Je vous ferais remarquer que dans la plupart des autres pays qui ont déjà eu à gérer cette migration, je pense à l'Italie mais aussi aux Etats-Unis, c'est l'ensemble des foyers qui a été ciblé pour les aides et non pas une catégorie particulière, fusse-t-elle défavorisée. En France les deux opérations « pilotes » menées à Coulommiers et à Kaysersberg ont déjà montré que dans certaines situations la migration ne se réduit pas au simple achat d'un adaptateur TNT. On s'aperçoit que dans de nombreux cas et particulièrement dans les immeubles collectifs il faut faire venir un installateur pour adapter l'antenne râteau, voire la changer, et que dans d'autres cas il faut même investir dans une parabole satellite faute de pouvoir recevoir la TNT dont la couverture est encore loin d'atteindre celle de la télévision analogique, même à horizon 2011. Certaines migrations peuvent ainsi coûter plusieurs centaines d'euros par foyer. Tout cela s'effectuant sans contrôle des Pouvoirs Publics dans la mesure où les consommateurs sont le plus généralement livrés aux seuls bons conseils des vendeurs et installateurs d'équipements. C'est aussi la raison pour laquelle nous sommes défavorables au système de « chartes » actuellement proposé notamment aux installateurs, mais plutôt favorable à laisser jouer la concurrence avec toutefois la mise en place d'un véritable système de contrôle et de sanction indépendant afin d'éviter les abus qui pourraient apparaître.

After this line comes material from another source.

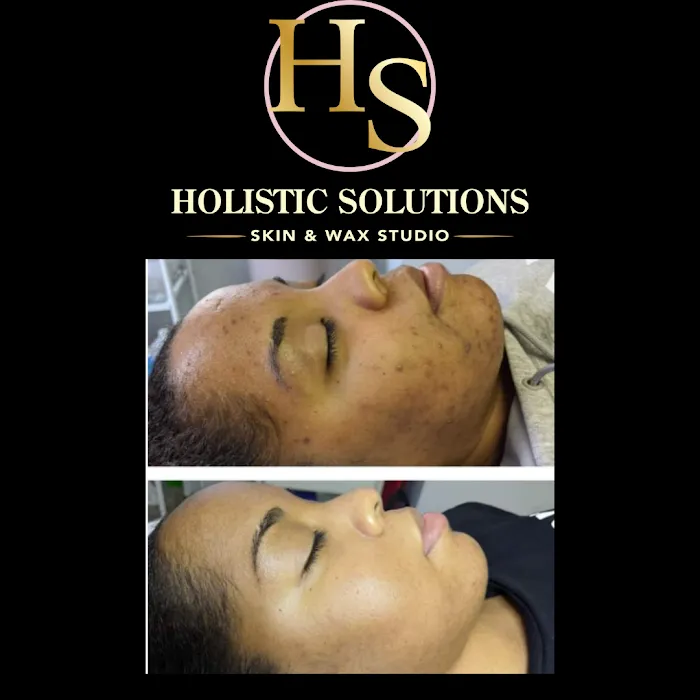 Holistic Solutions Skin And Wax Studio Picture 6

Y'a-t-il d'autres mesures que vous souhaiteriez voir mises en place ?
Nous souhaitons une large campagne d'information auprès du public, non pas sur le thème de la TNT, ce qui est déjà fait, mais sur celui de l'arrêt de la télévision analogique. Trop de foyers ne savent toujours pas que cet arrêt est programmé pour très bientôt et ignorent ainsi les conséquences financières que le passage au numérique pourrait occasionner compte tenu du degré encore trop faible de compatibilité technique entre une réception hertzienne terrestre analogique et une réception TNT. En termes d'information au public, nous souhaitons également une implication du ministère chargé du logement afin qu'il apporte le soutien nécessaire aux syndics et bailleurs sociaux pour lesquels la migration est souvent plus complexe à gérer et nécessite de l'anticipation par rapport au calendrier prévu par le schéma national d'arrêt de la télévision analogique. Faute d'informations ces acteurs démunis ont en effet tendance à attendre le dernier moment pour adapter les antennes ce qui peut créer des goulots d'étranglement lorsque dans le même temps ils font tous appel aux mêmes installateurs locaux.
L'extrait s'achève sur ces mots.